Ce jour-là, il n’a pas eu le temps de faire ses cartons. Convoqué dans un bureau dit neutre, prié de rendre son badge et son habilitation secret défense. Il n’a eu droit à aucun remerciement. Juste à une incitation à se taire à jamais et à retourner dans son administration d’origine, l’Education nationale, quittée il y a quinze ans et où il n’a jamais exercé.

Il est introuvable. Aucune trace de son existence sur Google. Et on imagine aujourd’hui l’ancien agent secret poser incognito son cartable dans une salle de classe d’un collège de banlieue. Choc des cultures ! Ses anciens collègues font d’ailleurs le portrait d’un homme un peu austère, profil prof de province de droite, mine sombre, veste en tweed et costume couleur terre.

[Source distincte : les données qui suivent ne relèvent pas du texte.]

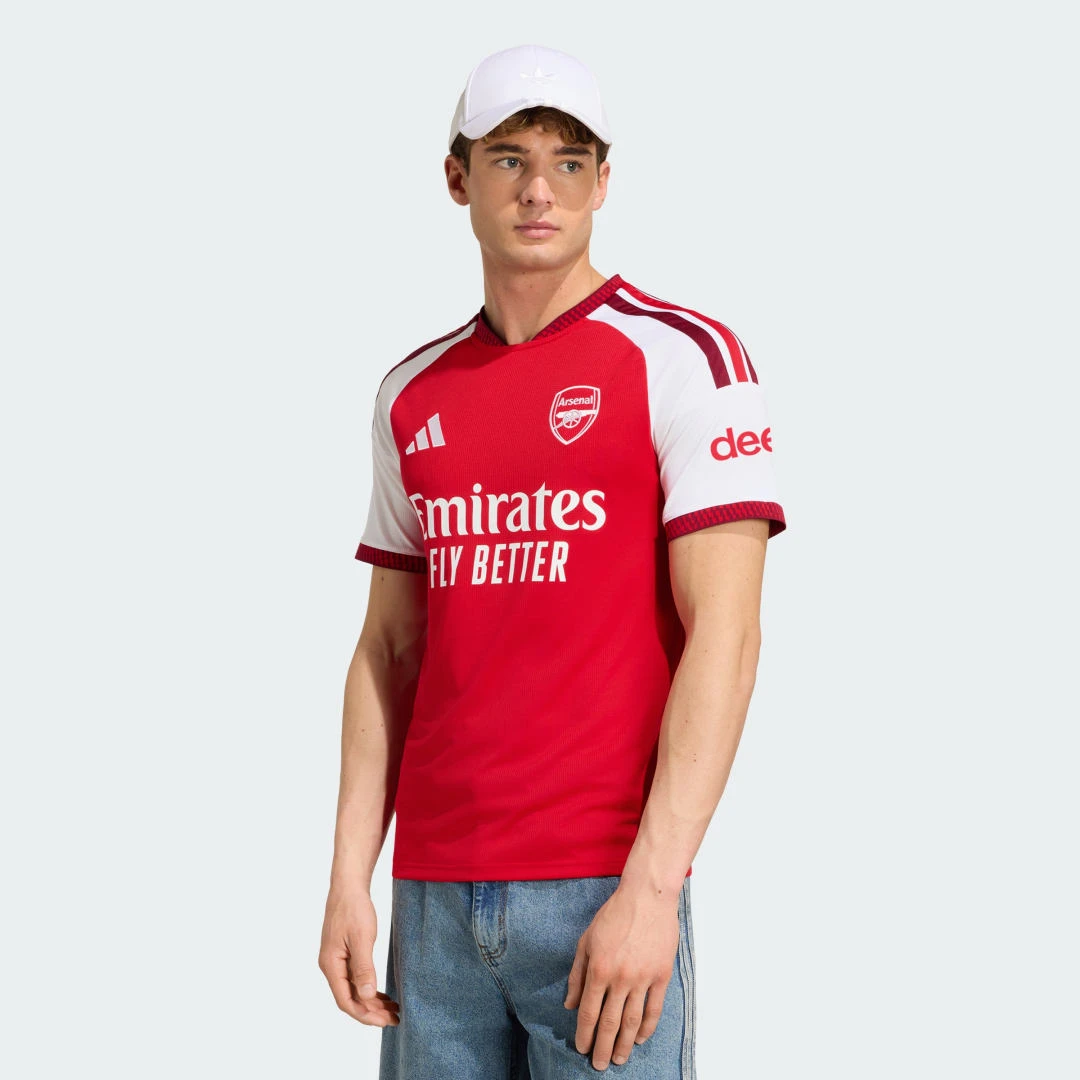 Maillot de football Adidas Arsenal FC domicile rouge et blanc pour la saison 2026-2027.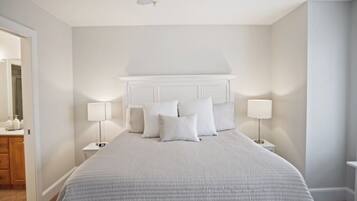 3 habitaciones, tabla de planchar con plancha, internet y ropa de cama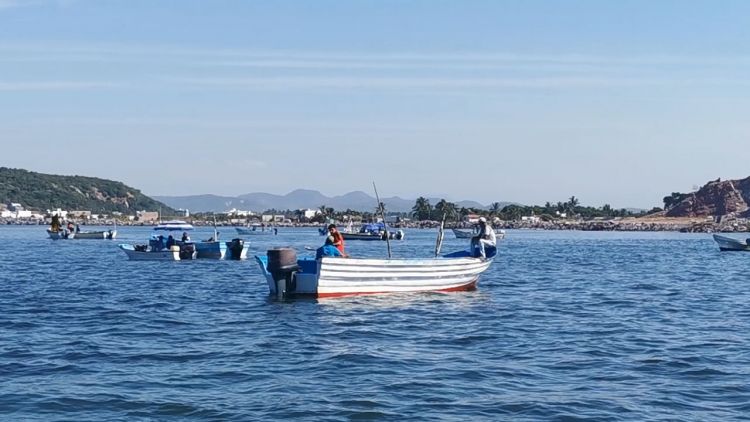 Pescadores bloquean el canal de navegaci&oacute;n
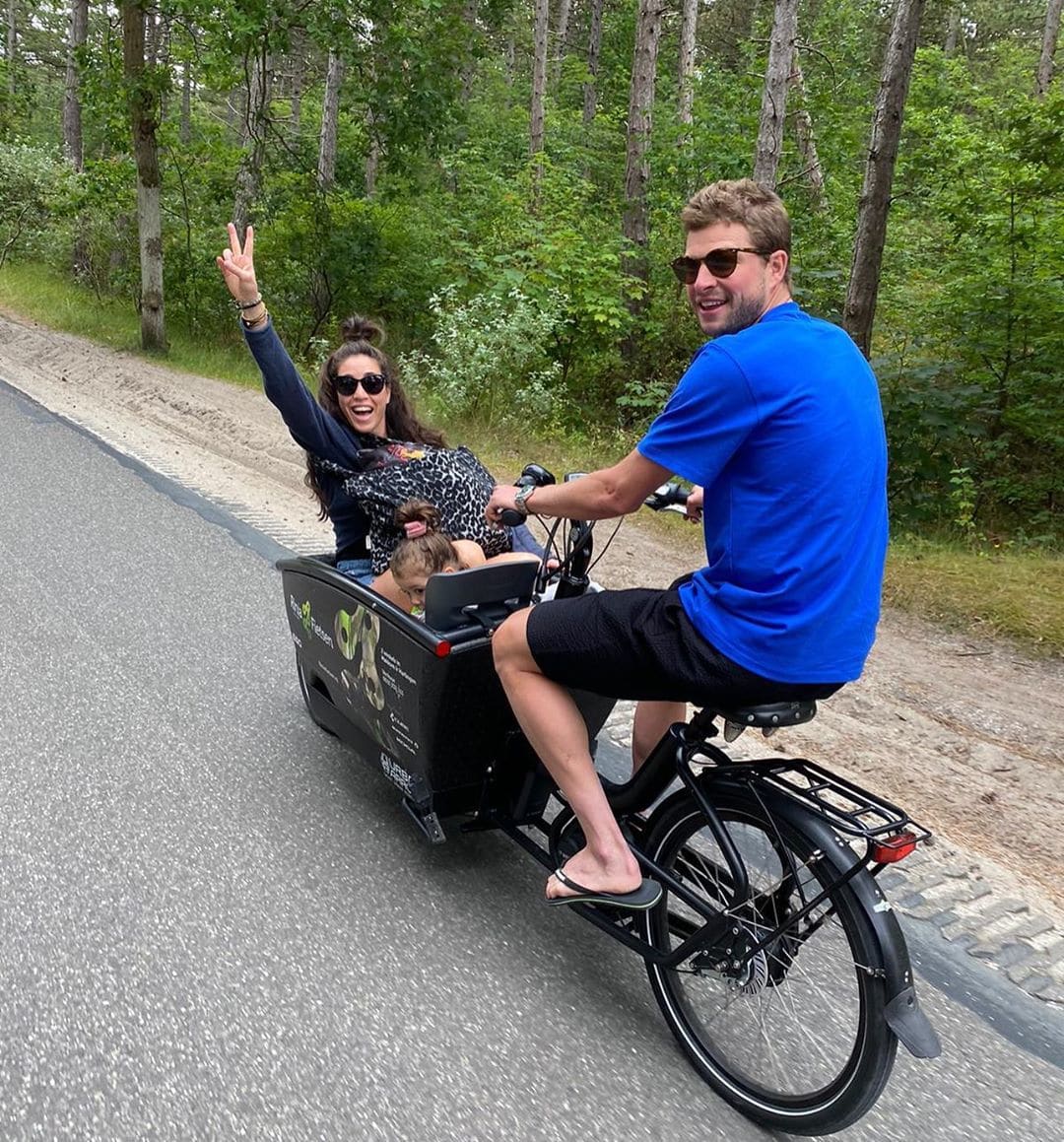 Naomi van As viert verjaardag met familie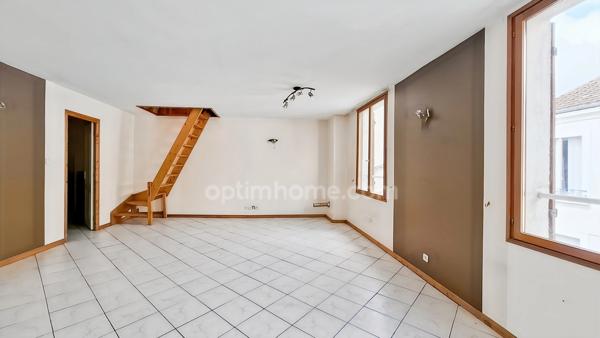 EXCLUSIVITÉ – Maison de ville avec fort potentiel à vendre à Vichy – Garage et pièce aménageable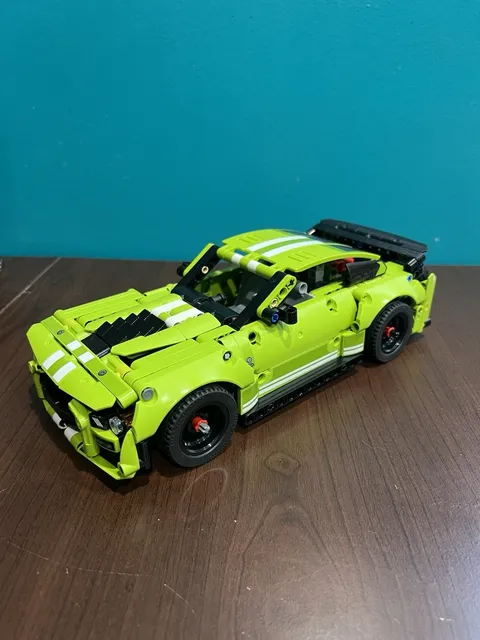 LEGO Technic Ford Mustang Shelby GT500 #42138 - Retired LEGO Set w/ Manual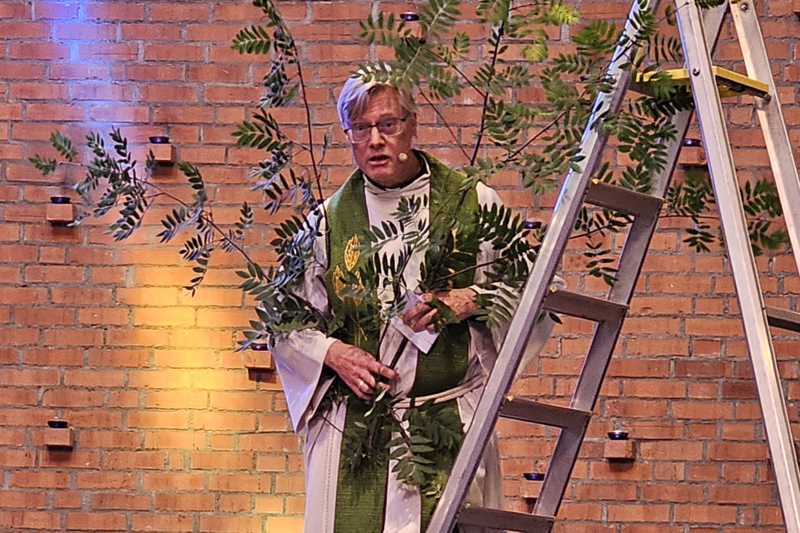 Hvorfor står presten i ei gardintrapp?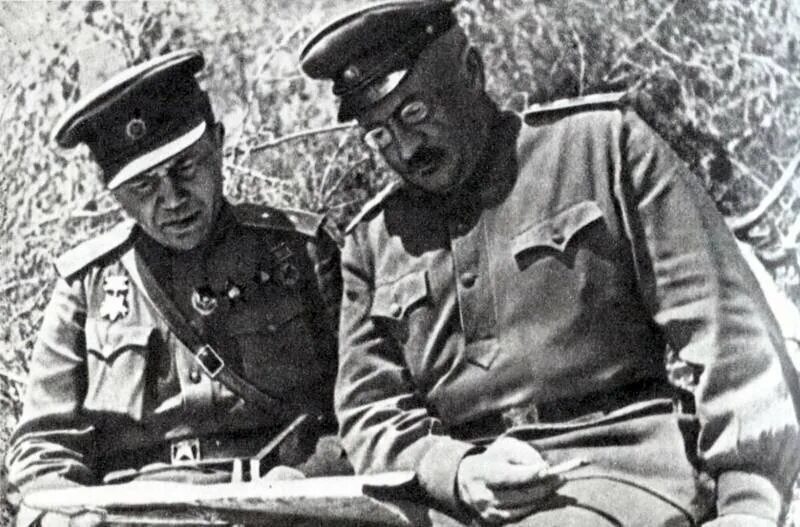 Одесса 1941. Кто командовал отдельной приморской армией. Кто командовал отдельной приморской армией. Крымская операция командующие. Освобождение таманского полуострова 1943.
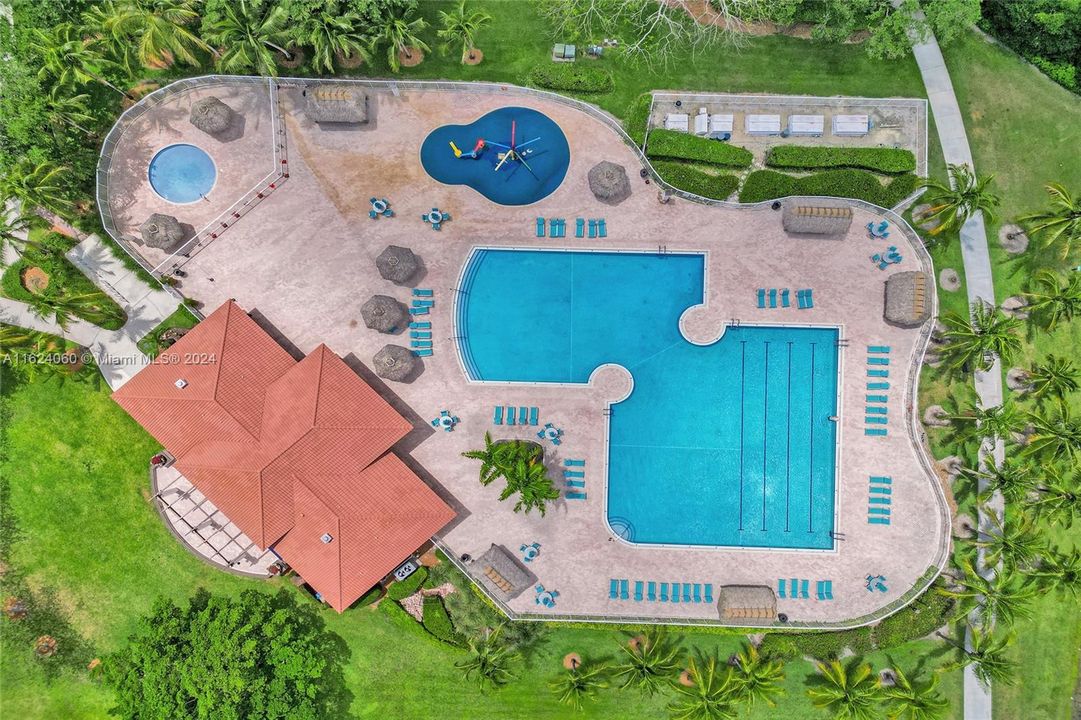 Vendido Recientemente: $1,195,000 (6 camas, 4 baños, 3220 Pies cuadrados)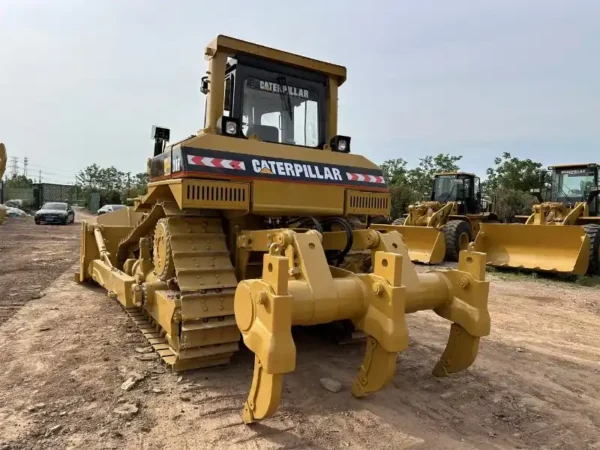 Used Caterpillar D8R Crawler Bulldozer - Image 5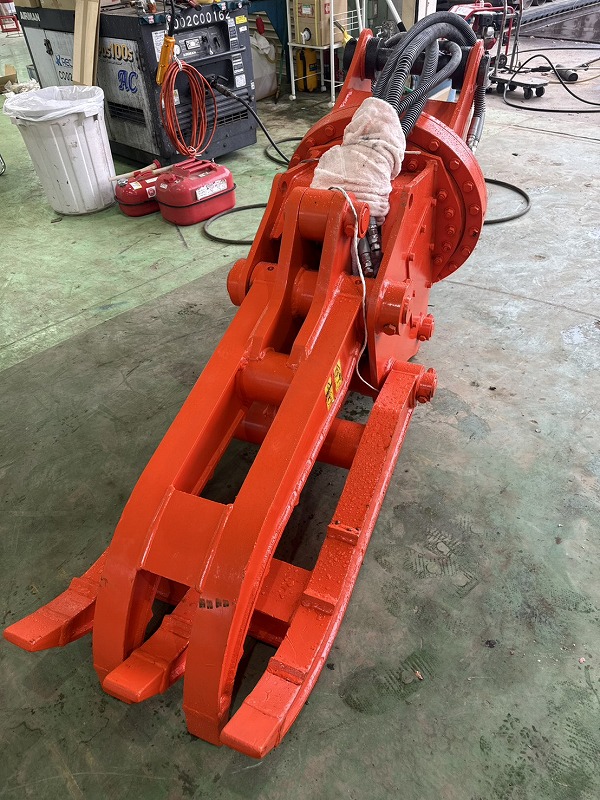 GV-122S 未使用中古機 0.45用旋回フォーク　タグチ工業製 中古建設機械 写真1（株式会社広建機）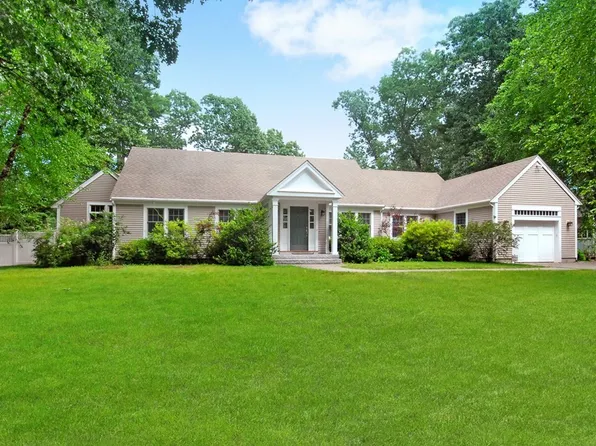 118 Monsen Rd, Concord, MA 01742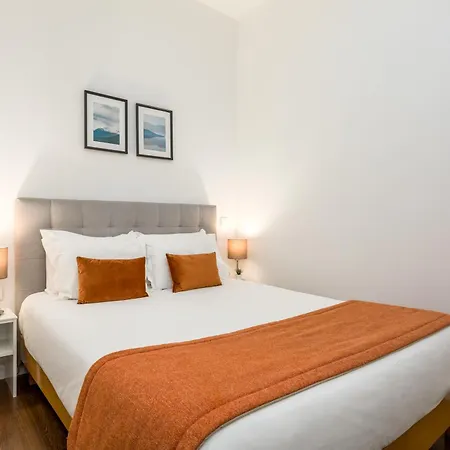 Boavista Roundabout By Sweet * Porto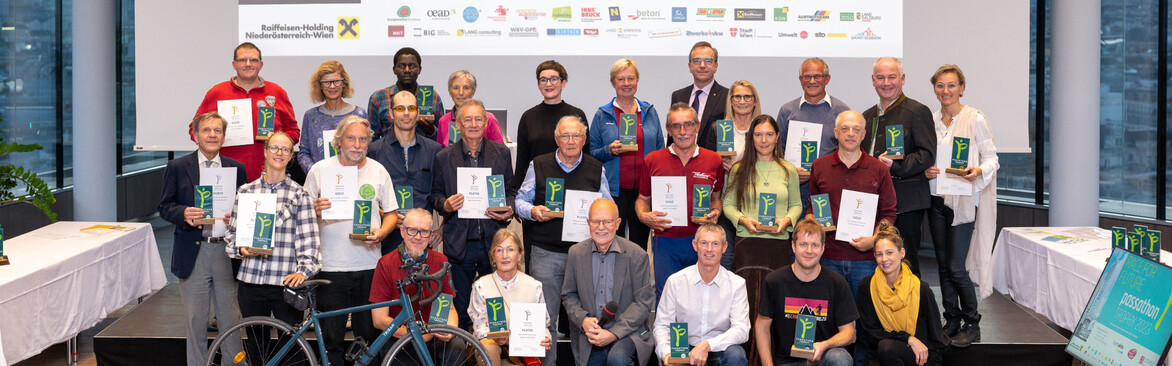 Große Siegerehrung aller passathon 2023 TROPHY Platin, Gold und Silber Gewinner*innen hoch über den Dächern im Raiffeisenhaus Wien; Fotocredits: Matthias Heisler Große Siegerehrung aller passathon 2023 TROPHY Platin, Gold und Silber Gewinner*innen hoch über den Dächern im Raiffeisenhaus Wien; Fotocredits: Matthias Heisler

En septembre 2017, quand Emmanuel Macron annonce en grande pompe, à la Sorbonne, la « création d’une académie européenne du renseignement », c’est pourtant Didier qui est pressenti pour en prendre la tête. Mieux que cela, Pierre de Bousquet de Florian, le coordonnateur national du renseignement, lui propose le poste. Un an plus tard, il est violemment débarqué, quelqu’un à la DGSI lui reprochant d’invraisemblables liens avec… le Mossad.

Un agent double sur le point de prendre du galon ? Une cabale contre le projet du chef de l’Etat ? L’histoire fait désordre, mais les curieux sont invités à s’occuper de leurs affaires.